• Data for processing:
####################

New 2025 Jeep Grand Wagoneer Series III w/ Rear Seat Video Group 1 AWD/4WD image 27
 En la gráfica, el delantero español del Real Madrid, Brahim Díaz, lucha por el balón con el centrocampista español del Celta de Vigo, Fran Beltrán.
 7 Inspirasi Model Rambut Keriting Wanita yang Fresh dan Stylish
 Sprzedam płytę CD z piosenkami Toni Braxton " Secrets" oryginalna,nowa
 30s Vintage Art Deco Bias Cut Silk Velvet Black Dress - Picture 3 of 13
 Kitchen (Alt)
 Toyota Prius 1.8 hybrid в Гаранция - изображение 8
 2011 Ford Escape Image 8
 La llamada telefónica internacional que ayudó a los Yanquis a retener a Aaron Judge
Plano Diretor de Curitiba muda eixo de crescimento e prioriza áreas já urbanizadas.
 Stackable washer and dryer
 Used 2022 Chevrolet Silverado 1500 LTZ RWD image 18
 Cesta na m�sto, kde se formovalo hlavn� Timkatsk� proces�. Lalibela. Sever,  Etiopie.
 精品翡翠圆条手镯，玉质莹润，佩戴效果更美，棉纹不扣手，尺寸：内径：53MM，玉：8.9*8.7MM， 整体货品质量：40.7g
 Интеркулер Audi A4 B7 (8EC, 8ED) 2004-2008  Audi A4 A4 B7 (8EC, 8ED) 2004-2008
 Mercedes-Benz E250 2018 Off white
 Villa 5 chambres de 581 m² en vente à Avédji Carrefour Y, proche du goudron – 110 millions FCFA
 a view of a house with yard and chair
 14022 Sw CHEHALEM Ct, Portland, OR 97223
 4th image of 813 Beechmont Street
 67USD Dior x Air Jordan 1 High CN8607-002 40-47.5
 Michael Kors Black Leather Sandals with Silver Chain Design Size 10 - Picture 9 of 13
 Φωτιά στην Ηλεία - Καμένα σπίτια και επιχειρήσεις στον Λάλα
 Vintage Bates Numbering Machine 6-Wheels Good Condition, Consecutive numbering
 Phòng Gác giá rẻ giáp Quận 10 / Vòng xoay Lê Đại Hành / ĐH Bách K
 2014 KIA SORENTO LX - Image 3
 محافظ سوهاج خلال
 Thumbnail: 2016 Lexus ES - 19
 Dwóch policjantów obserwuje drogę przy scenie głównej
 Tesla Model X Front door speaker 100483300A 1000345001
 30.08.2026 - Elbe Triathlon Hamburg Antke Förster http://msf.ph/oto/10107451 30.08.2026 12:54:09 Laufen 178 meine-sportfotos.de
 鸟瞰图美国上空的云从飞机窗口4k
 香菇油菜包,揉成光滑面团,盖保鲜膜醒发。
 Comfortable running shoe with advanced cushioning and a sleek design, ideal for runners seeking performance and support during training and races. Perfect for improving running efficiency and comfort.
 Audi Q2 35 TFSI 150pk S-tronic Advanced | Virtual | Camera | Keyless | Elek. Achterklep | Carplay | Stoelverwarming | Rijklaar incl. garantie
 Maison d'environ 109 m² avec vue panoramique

####################

• Aim of the exercise:
Set every line down again exactly. Begin with the first line of the entries and finish with the line containing "14022 Sw CHEHALEM Ct, Portland, OR 97223".

• Task response:
New 2025 Jeep Grand Wagoneer Series III w/ Rear Seat Video Group 1 AWD/4WD image 27
 En la gráfica, el delantero español del Real Madrid, Brahim Díaz, lucha por el balón con el centrocampista español del Celta de Vigo, Fran Beltrán.
 7 Inspirasi Model Rambut Keriting Wanita yang Fresh dan Stylish
 Sprzedam płytę CD z piosenkami Toni Braxton " Secrets" oryginalna,nowa
 30s Vintage Art Deco Bias Cut Silk Velvet Black Dress - Picture 3 of 13
 Kitchen (Alt)
 Toyota Prius 1.8 hybrid в Гаранция - изображение 8
 2011 Ford Escape Image 8
 La llamada telefónica internacional que ayudó a los Yanquis a retener a Aaron Judge
Plano Diretor de Curitiba muda eixo de crescimento e prioriza áreas já urbanizadas.
 Stackable washer and dryer
 Used 2022 Chevrolet Silverado 1500 LTZ RWD image 18
 Cesta na m�sto, kde se formovalo hlavn� Timkatsk� proces�. Lalibela. Sever,  Etiopie.
 精品翡翠圆条手镯，玉质莹润，佩戴效果更美，棉纹不扣手，尺寸：内径：53MM，玉：8.9*8.7MM， 整体货品质量：40.7g
 Интеркулер Audi A4 B7 (8EC, 8ED) 2004-2008  Audi A4 A4 B7 (8EC, 8ED) 2004-2008
 Mercedes-Benz E250 2018 Off white
 Villa 5 chambres de 581 m² en vente à Avédji Carrefour Y, proche du goudron – 110 millions FCFA
 a view of a house with yard and chair
 14022 Sw CHEHALEM Ct, Portland, OR 97223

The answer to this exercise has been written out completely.